Careme Recipes

Location: Fred Meyer - Bellevue (2041 148Th Ave Ne)

Lemon‑Garlic Shrimp (and Scallop) Linguine with Kale & Mushrooms

Briny sweet shrimp and scallops in a light garlicky white‑wine sauce with ribbons of winter greens and mushrooms, all tangled with al dente linguine. It feels like a trattoria splurge but leans on sale shrimp and in‑season produce, ready in under 40 minutes on a weeknight.

Ingredients

  • Kroger® Large Raw Shrimp Peeled & Deveined Tail Off (or similar large raw shrimp) 8 oz (about 16–20 shrimp), thawed if frozen $7.99–10.99 / lb on sale; you’ll use ~1/2 lb
  • Bay scallops or sea scallops (optional, can replace with more shrimp) 4 oz, patted dry ~$9.99–14.99 / lb
  • Dried linguine (or spaghetti) 5–6 oz (about 150–170 g)
  • Simple Truth Organic® Sliced Baby Bella or White Mushrooms 4 oz, sliced (about half a package) $3.69–3.99 / 8 oz
  • Organic Kale or Organic Lacinato Kale 2 packed cups, stems removed, thinly sliced $2.79 / bunch or bag
  • Organic Garlic (or Simple Truth Organic® Garlic Bulbs) 3 cloves, finely minced $1.99–6.99 / lb
  • Organic Jumbo Yellow Onion 1/2 medium, thinly sliced $1.49 / lb
  • Dry white wine (Pinot Gris, Sauvignon Blanc, or similar) 1/3 cup
  • Low‑sodium chicken or vegetable broth 1/2 cup
  • Unsalted butter 2 Tbsp, divided
  • Extra‑virgin olive oil 2 Tbsp, divided
  • Red pepper flakes 1/4–1/2 tsp, to taste
  • Lemon 1 (zest and juice)
  • Fresh parsley (optional) 2 Tbsp, chopped
  • Salt and freshly ground black pepper To taste

Instructions

  1. Prep the ingredients: Bring a large pot of salted water to a boil for the pasta. Peel and devein shrimp if needed, leaving tails on or off as you like. Pat shrimp (and scallops, if using) very dry with paper towels and season lightly with salt and pepper. Slice mushrooms, onion, and kale. Mince garlic. Zest the lemon, then cut it in half.
  2. Cook the pasta: Add linguine to the boiling salted water and cook until just al dente (usually 1–2 minutes less than package directions).
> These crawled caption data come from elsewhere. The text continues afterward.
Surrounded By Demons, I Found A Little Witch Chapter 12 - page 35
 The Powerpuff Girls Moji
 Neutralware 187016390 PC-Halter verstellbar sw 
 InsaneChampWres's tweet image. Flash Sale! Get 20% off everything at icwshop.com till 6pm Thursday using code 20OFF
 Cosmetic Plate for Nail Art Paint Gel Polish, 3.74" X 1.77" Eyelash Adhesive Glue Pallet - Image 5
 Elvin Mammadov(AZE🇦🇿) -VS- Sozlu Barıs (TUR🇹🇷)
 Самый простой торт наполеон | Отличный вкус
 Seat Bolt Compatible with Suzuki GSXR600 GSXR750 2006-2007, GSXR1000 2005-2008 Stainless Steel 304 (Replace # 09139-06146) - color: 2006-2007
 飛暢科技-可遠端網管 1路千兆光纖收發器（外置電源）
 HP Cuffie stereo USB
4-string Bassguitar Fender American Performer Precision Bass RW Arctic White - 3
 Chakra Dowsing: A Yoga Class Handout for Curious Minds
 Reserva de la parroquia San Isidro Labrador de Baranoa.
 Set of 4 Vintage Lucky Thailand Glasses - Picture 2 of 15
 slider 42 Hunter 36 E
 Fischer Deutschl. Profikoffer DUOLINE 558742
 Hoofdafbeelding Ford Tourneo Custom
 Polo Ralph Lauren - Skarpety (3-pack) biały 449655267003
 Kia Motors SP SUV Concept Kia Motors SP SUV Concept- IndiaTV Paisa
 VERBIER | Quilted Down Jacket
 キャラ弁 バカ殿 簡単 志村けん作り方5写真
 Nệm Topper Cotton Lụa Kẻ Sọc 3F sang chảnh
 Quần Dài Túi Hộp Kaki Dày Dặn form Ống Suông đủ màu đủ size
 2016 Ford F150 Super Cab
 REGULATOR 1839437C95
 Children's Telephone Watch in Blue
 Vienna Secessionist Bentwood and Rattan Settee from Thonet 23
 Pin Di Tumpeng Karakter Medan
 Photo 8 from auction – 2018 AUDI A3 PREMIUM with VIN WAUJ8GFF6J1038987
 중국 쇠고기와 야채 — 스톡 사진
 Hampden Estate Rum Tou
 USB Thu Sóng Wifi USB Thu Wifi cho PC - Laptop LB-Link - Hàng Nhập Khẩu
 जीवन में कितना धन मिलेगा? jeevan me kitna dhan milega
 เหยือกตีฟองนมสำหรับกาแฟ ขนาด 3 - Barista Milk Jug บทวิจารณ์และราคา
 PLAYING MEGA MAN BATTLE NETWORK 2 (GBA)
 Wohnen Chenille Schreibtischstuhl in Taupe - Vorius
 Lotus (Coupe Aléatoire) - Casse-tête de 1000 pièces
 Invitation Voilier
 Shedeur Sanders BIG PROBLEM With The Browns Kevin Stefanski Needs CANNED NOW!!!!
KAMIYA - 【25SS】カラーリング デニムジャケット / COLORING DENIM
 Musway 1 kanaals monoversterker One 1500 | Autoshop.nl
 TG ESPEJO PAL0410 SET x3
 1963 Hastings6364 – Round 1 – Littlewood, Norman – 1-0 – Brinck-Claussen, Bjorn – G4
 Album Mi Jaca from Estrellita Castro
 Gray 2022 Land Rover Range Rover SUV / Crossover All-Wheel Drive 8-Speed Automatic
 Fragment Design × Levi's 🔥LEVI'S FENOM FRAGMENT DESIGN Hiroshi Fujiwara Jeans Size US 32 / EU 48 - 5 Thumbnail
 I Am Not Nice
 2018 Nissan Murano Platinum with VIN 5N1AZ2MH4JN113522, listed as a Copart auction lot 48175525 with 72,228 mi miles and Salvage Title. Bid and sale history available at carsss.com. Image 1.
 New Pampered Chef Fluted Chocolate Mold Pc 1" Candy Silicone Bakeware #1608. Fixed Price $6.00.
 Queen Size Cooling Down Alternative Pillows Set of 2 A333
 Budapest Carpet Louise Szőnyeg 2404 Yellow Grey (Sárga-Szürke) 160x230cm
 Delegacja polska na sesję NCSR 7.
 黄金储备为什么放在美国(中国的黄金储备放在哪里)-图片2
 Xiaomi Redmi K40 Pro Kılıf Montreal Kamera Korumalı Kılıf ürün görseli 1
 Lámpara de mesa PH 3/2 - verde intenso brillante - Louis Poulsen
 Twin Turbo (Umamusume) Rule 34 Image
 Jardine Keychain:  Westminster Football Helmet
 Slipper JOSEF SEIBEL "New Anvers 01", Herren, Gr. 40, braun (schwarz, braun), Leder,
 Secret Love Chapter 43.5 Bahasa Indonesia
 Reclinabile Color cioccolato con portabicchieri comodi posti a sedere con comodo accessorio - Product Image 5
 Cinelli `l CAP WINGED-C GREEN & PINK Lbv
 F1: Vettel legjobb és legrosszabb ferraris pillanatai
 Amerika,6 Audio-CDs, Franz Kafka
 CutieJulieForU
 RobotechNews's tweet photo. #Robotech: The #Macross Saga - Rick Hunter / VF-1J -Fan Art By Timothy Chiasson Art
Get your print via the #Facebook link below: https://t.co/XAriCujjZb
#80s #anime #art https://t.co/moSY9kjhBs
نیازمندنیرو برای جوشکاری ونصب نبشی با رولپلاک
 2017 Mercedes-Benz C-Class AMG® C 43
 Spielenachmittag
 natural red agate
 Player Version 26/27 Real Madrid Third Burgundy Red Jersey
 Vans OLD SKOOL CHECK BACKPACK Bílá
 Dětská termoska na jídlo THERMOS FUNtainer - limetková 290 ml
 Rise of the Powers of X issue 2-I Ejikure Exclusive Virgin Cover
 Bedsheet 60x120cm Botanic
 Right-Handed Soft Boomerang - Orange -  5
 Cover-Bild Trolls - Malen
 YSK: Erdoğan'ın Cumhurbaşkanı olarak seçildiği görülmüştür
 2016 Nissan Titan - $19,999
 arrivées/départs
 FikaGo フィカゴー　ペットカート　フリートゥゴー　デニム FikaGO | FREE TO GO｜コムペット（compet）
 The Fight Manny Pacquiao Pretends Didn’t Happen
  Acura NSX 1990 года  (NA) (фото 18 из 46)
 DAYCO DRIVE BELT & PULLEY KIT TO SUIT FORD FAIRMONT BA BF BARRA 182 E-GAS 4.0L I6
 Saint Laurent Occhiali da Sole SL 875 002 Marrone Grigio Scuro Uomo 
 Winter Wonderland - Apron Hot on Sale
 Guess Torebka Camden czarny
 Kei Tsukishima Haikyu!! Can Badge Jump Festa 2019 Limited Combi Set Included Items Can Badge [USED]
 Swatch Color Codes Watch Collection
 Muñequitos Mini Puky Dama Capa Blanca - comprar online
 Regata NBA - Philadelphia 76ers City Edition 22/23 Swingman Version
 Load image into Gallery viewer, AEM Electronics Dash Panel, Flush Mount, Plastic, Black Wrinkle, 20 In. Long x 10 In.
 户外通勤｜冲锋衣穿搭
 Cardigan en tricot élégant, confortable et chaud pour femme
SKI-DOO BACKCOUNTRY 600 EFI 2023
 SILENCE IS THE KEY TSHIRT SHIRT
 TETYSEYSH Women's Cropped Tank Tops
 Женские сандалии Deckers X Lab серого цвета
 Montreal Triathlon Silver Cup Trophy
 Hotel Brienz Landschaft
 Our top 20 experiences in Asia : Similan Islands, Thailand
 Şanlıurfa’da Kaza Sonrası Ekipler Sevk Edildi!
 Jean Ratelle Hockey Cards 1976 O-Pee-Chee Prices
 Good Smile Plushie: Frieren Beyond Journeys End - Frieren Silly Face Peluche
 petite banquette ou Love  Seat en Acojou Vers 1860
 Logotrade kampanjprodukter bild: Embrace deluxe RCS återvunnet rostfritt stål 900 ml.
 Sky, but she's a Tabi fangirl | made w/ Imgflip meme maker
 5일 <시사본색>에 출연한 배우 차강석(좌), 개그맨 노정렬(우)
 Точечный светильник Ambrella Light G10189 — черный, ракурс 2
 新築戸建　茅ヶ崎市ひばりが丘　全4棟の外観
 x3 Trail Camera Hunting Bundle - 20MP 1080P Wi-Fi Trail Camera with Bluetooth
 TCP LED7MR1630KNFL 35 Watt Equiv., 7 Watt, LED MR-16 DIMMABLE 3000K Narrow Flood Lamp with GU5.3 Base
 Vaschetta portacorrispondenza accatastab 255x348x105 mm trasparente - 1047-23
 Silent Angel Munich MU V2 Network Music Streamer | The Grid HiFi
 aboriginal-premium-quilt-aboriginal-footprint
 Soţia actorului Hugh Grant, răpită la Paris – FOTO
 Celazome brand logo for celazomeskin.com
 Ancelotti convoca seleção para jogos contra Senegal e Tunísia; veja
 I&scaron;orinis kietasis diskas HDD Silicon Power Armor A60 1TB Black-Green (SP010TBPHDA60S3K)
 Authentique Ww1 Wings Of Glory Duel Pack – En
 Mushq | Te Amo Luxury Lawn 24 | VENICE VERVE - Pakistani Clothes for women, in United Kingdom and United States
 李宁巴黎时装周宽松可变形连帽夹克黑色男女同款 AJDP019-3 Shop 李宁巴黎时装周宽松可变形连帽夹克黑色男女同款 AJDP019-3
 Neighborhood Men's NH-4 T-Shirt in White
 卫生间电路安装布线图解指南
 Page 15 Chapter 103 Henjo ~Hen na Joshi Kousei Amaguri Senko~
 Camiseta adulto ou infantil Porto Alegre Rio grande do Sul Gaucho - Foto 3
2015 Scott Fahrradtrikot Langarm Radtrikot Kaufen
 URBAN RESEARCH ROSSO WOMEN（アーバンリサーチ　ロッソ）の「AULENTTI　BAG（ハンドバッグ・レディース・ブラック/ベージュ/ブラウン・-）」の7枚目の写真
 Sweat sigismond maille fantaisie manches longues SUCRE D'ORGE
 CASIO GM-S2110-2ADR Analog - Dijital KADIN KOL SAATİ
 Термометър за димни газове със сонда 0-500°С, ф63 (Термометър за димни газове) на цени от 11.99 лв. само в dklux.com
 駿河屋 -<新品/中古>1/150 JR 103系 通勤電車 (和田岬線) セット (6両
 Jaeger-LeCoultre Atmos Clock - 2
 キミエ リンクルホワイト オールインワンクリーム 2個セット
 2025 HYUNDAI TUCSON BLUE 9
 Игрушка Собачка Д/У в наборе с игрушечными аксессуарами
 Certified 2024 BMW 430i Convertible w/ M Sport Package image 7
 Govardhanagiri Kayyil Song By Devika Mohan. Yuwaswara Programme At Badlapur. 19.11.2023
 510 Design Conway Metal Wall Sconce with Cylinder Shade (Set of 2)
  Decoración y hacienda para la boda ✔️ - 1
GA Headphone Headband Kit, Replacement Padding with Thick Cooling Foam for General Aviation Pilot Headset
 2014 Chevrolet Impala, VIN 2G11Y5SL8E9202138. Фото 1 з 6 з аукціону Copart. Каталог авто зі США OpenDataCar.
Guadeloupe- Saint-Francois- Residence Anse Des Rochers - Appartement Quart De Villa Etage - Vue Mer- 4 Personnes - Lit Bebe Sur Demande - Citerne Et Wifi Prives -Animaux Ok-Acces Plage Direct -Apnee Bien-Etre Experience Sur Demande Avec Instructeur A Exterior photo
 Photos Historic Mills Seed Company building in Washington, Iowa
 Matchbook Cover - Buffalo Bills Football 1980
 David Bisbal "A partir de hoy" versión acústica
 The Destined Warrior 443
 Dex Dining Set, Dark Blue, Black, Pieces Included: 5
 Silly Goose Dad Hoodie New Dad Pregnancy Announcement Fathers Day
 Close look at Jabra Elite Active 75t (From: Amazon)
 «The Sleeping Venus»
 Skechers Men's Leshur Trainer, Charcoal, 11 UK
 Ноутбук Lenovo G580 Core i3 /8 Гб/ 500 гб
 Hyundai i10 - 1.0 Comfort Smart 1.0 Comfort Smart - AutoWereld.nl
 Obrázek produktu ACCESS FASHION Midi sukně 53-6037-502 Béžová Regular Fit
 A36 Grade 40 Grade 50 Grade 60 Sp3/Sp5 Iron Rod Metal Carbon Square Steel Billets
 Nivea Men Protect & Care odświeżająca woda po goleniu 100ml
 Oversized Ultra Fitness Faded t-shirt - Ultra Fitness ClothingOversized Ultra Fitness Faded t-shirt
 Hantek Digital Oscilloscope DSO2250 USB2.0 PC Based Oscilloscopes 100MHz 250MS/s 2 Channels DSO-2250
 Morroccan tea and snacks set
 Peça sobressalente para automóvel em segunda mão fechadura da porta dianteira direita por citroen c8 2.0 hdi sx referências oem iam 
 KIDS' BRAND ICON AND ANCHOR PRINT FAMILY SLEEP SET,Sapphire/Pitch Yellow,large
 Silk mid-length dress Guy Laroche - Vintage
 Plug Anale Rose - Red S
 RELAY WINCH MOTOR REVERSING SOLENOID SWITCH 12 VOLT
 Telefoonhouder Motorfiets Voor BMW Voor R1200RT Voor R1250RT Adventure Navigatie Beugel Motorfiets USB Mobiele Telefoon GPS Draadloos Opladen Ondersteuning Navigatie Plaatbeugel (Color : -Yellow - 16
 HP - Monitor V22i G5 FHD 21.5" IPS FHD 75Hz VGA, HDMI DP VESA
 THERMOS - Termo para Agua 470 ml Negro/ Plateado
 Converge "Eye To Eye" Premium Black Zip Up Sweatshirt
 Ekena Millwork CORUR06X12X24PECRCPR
Reserve 1 cup of starchy pasta water, then drain and set aside.
  3. Sear the shellfish: Heat a large wide skillet over medium‑high heat. Add 1 Tbsp olive oil and 1 Tbsp butter. When hot and foamy, add shrimp in a single layer (and scallops if using; you may need to sear in 2 batches). Sear 1–2 minutes per side until just opaque and lightly golden. Transfer to a plate; tent loosely with foil.
  4. Sauté the vegetables: In the same skillet, lower heat to medium. Add remaining 1 Tbsp olive oil. Add sliced onion and mushrooms with a pinch of salt. Sauté 5–6 minutes, stirring, until softened and lightly browned, scraping up browned bits. Stir in minced garlic and red pepper flakes; cook 30 seconds until fragrant.
  5. Wilt the greens and build the sauce: Add sliced kale to the skillet with a pinch of salt and 2–3 Tbsp of the reserved pasta water. Toss and cook 2–3 minutes until wilted and tender. Pour in the white wine, scraping up any browned bits, and let simmer 2–3 minutes until reduced by about half. Add the broth and simmer another 2–3 minutes until slightly thickened.
  6. Finish the sauce: Stir in remaining 1 Tbsp butter and the lemon zest. Add 1–2 Tbsp lemon juice (to taste). Season the sauce with salt and plenty of black pepper. If it tastes flat, add a splash more lemon juice.
  7. Combine with pasta and shellfish: Add the drained linguine and half the shrimp/scallops to the skillet. Toss well over low heat, adding more reserved pasta water a splash at a time until the sauce silky‑coats the pasta. Gently fold in remaining shellfish so they stay plump and not overcooked. Warm through 1 minute.
  8. Serve: Taste and adjust seasoning with salt, pepper, and lemon. Sprinkle with chopped parsley if using, and an extra drizzle of good olive oil. Divide between two warm bowls and serve immediately.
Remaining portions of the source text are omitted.